Hoon Basics: Advanced Data Structures
Overview
Teaching: 30 min
Exercises: 15 minQuestions
How are structured data typically represented, populated, and accessed in Hoon?
Which common patterns in Hoon exist?
Objectives
Identify common Hoon molds: units, sets, maps, jars, and jugs.
Explore the standard library’s functionality: text parsing & processing, functional hacks, randomness, hashing, time, and so forth.
Data Structures
Urbit employs a series of data structures (molds) which are either unique to the Urbit operating environment (such as a unit) or analogous to convenient forms in other languages (like a set or a map).
Units
Every atom in Hoon is an unsigned integer, even if interpreted by an aura.

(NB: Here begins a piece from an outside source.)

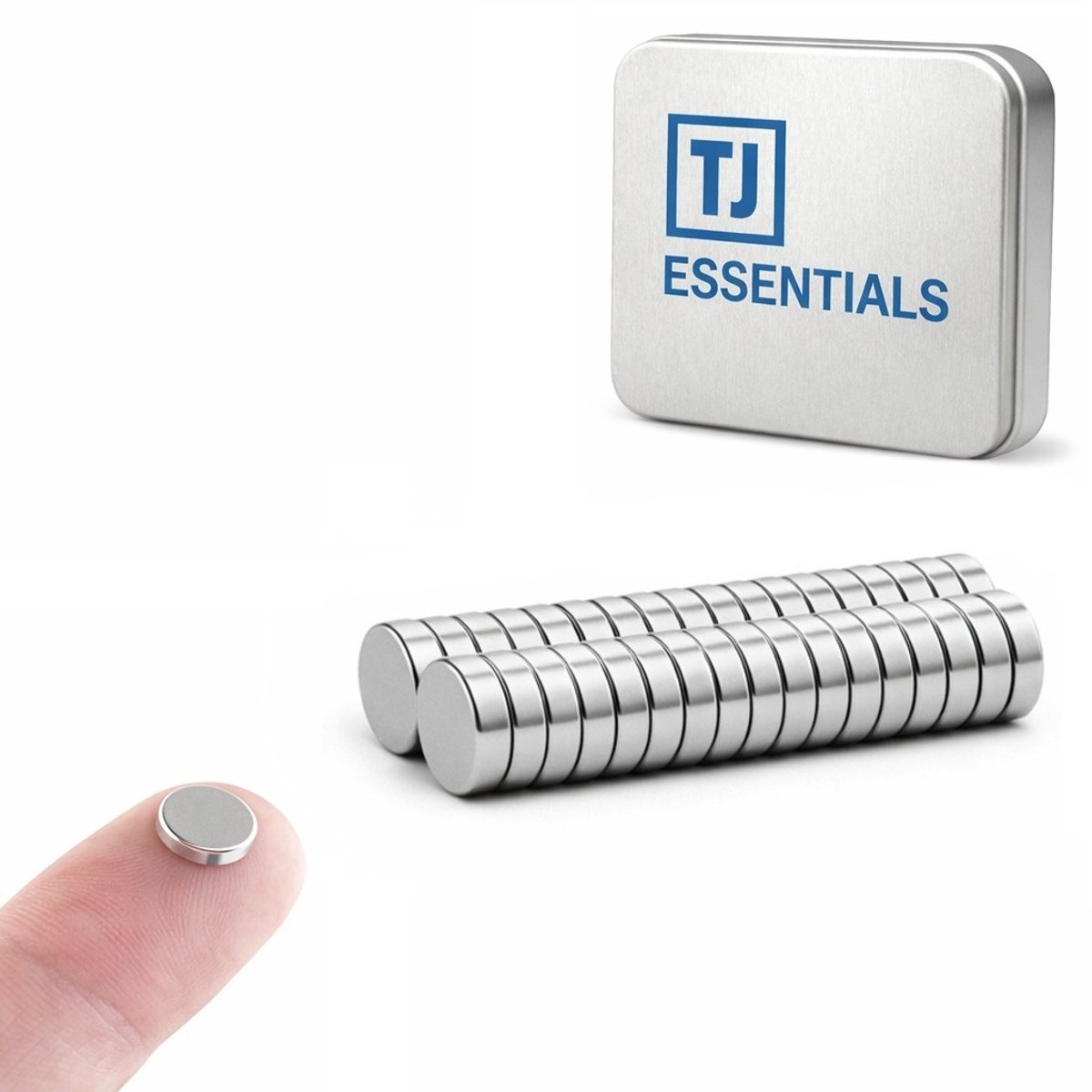 TJ Essentials Neodymium Magneten – 8 x 2 mm – 40 Stuks – N52 – Zilver – Whiteboard / Koelkast Magneten – Kleine / Platte Magneetjes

Auras do not carry prescriptive power, however, so they cannot be used to fundamentally distinguish a NULL
-style or NaN
-style non-result. That is, if the result of a query is a ~
, how does one distinguish a value of zero from a non-result (missing value)?
Units mitigate the situation by acting as a type union of ~
(for no result) and a cell [~ u=item]
containing the returned item (with face u
).
++ unit
|$ [item]
$@(~ [~ u=item])
Many lookup operations return a unit precisely so you can differentiate a failed search from an answer of zero.
Sets
Many compound data structures in Hoon are trees, maps, or sets. Trees are the least important for these for our purposes today, so we will focus on +$map
and +$set
.
In computer science, a set is like a mathematical set with single-membership of values. A set is not ordered so the results may not be ordered or stored the same as the input.
> (sy ~[5 4 3 2 1])
[n=5 l={} r={1 2 3 4}]
> (sy ~[8 8 8 7 7 6 5 5 4 3 2 1])
[n=6 l={8 5 7} r={1 2 3 4}]
For the most part, we don’t worry too much about the particular structure chosen for internal representation of the set as a tree because we will use the ++in
door for interacting with elements.
A door is a kind of core more general than a gate. In particular, rather than a default arm $
the caller must specify which arm of the door to pull. This produces a gate which must then be slammed on the values. The ++in
core instruments +$set
instances, which makes for a somewhat intuitive English-language reading of operations.
To produce a set, you can either construct it manually from a list using ++sy
, or you can insert items using the ++put
arm of by
.
For each of the following, we assume the following set has been defined in Dojo:
=my-set (sy ~['a' 'B' "sea" 4 .5])
-
Put a value in the set:
> (~(put in my-set) ~.6) [n=.7.6e-44 l=[n=.5 l={} r={}] r=[n=.9.2e-44 l={} r={[i='s' t="ea"] 'a' '\04'}]]
(Notice, in the time-honored tradition of functional languages, that
my-set
is unaltered and a copy of the values is returned.) -
Query if value is in set:
> (~(has in my-set) 'B') %.y > (~(has in my-set) 'b') %.n
-
Get size of set:
> ~(wyt in my-set) 5
-
Apply gate to values:
:: strip auras from all elements in set > (~(run in my-set) |=(a=* a)) {1.084.227.584 66 [115 101 97 0] 97 4}
-
Convert to list:
> ~(tap in my-set) ~[.6e-45 .1.36e-43 [i='s' t="ea"] .9.2e-44 .5]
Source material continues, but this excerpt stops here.